◆ Work to complete
The reply must contain exactly the lines below from the one with "足球队员饮食与恢复计划（足球运动员营养与恢复方案）" down to the one with "Kadın Relax Fit", both included, and nothing more; please omit the pictures.

◆ Data for processing
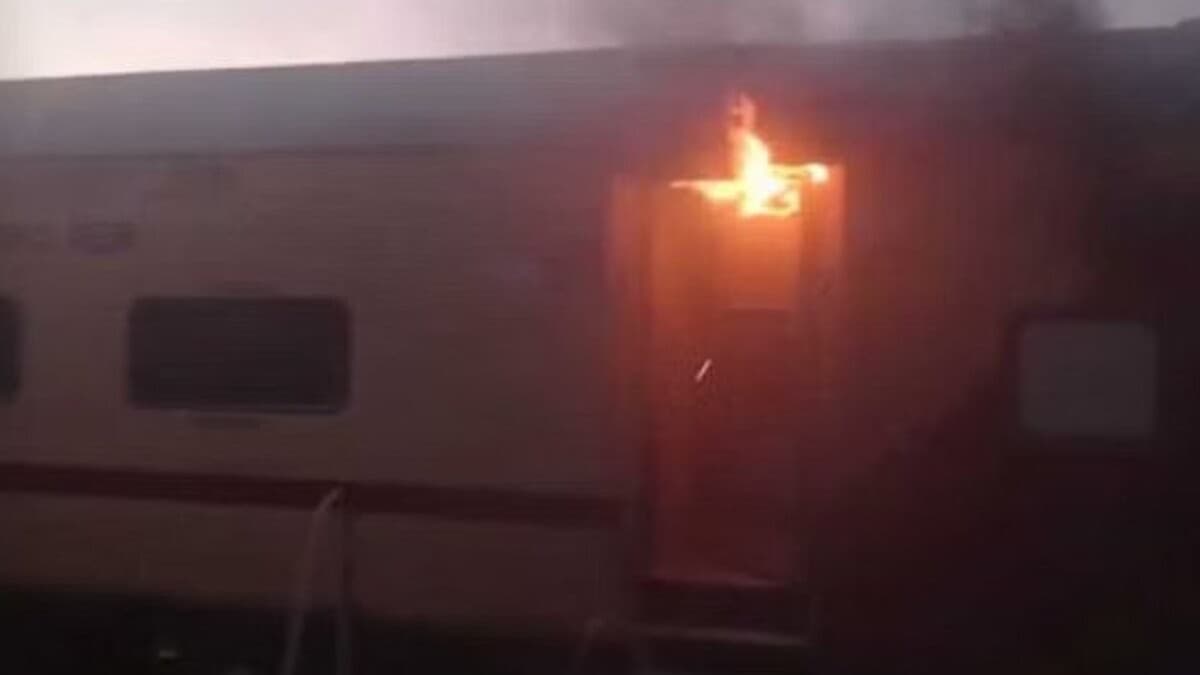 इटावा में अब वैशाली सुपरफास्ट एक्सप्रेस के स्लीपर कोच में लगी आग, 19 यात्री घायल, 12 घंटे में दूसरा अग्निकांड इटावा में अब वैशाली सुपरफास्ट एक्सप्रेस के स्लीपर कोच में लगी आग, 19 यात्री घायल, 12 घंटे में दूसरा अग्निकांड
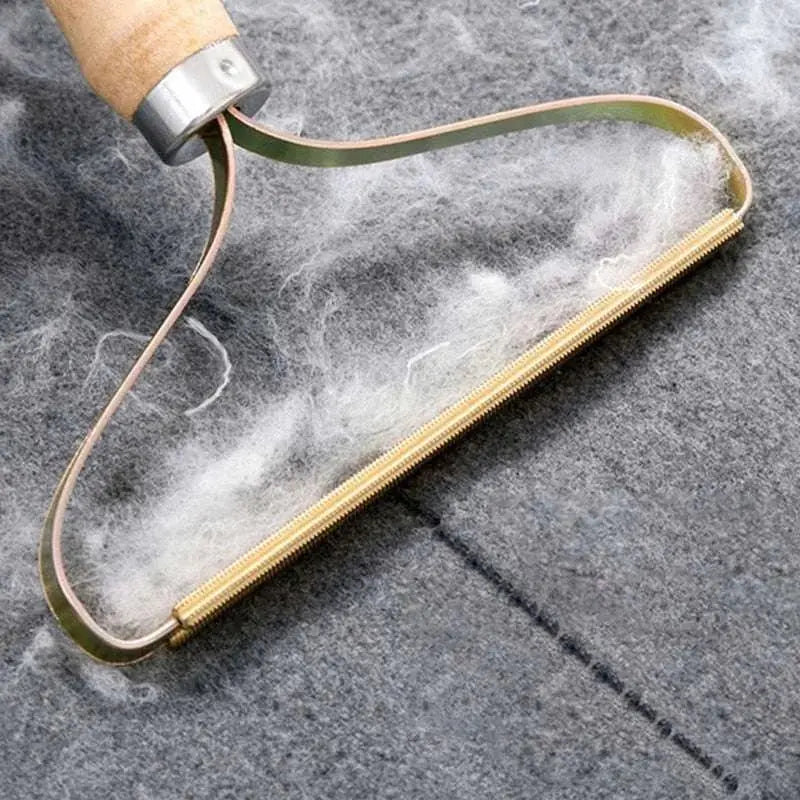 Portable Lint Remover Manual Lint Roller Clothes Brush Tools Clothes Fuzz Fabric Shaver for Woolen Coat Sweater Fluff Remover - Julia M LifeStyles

--

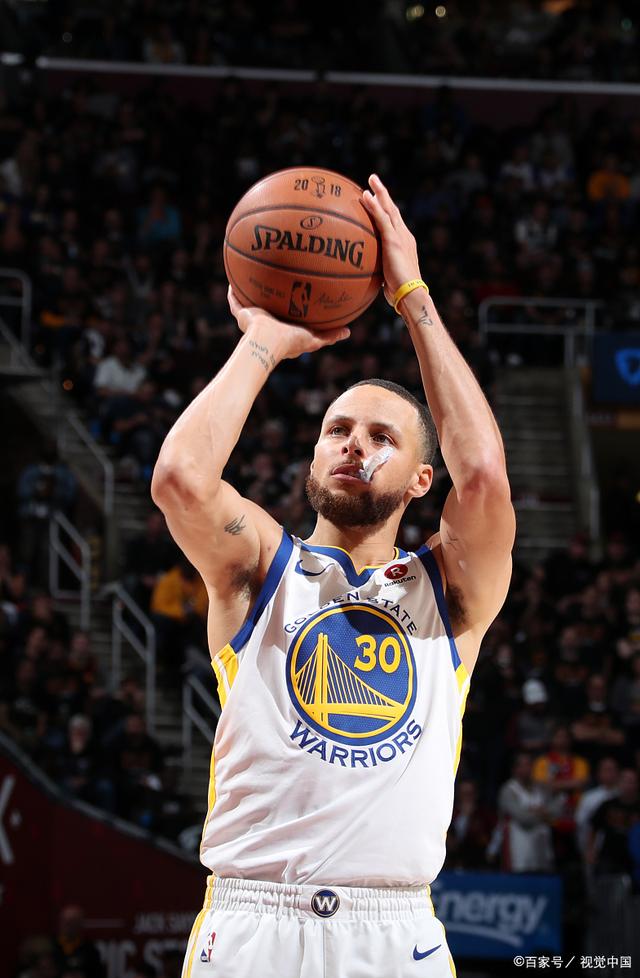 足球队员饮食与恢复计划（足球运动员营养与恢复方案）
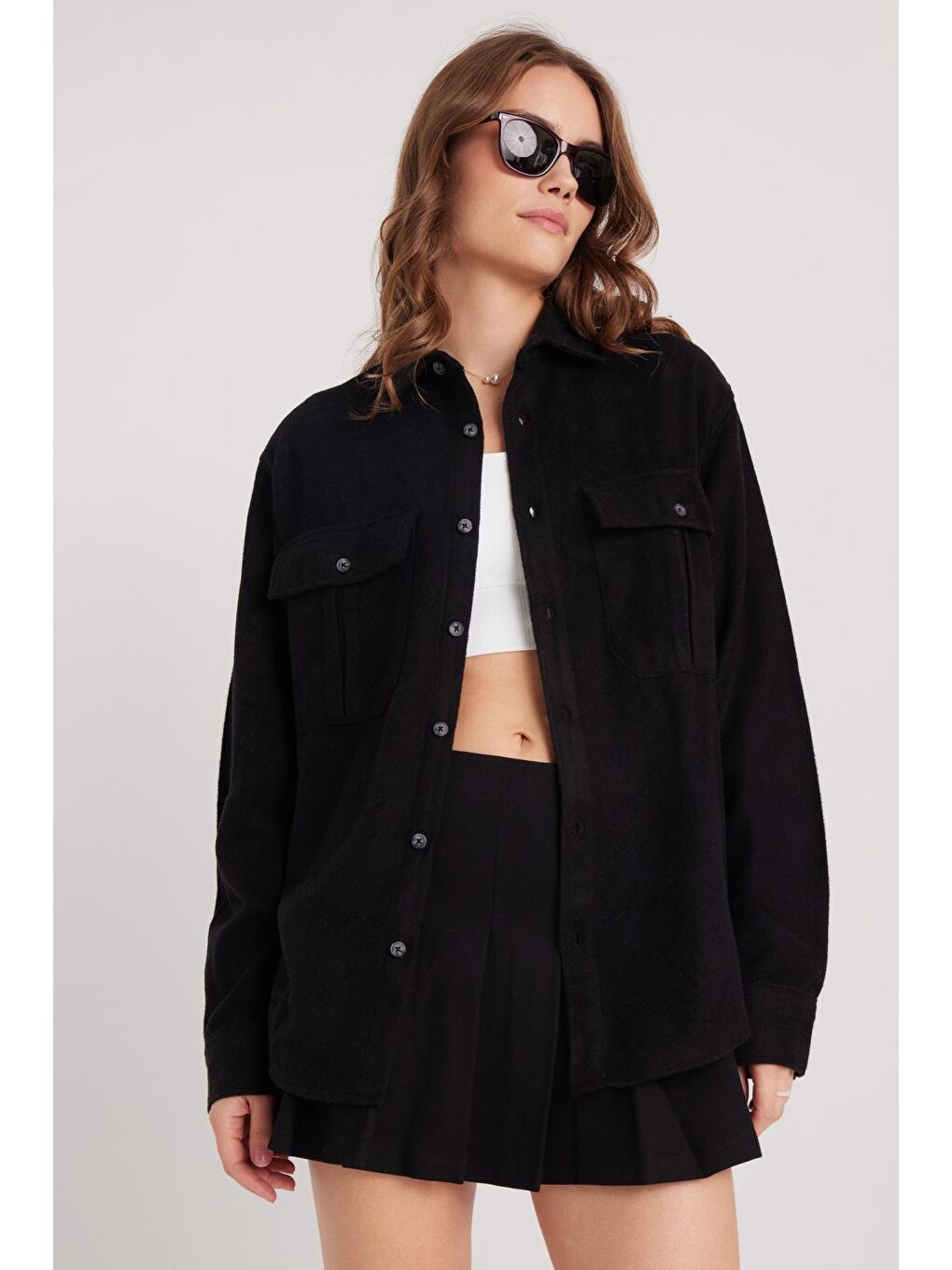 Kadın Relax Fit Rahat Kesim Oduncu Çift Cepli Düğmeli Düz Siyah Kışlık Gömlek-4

* * *

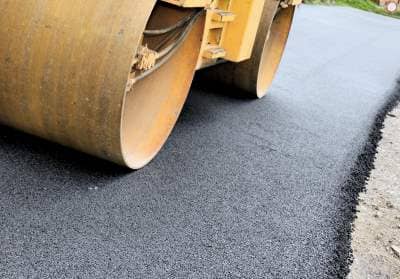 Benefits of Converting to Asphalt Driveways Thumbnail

◆ Written response
 足球队员饮食与恢复计划（足球运动员营养与恢复方案）
 Kadın Relax Fit Rahat Kesim Oduncu Çift Cepli Düğmeli Düz Siyah Kışlık Gömlek-4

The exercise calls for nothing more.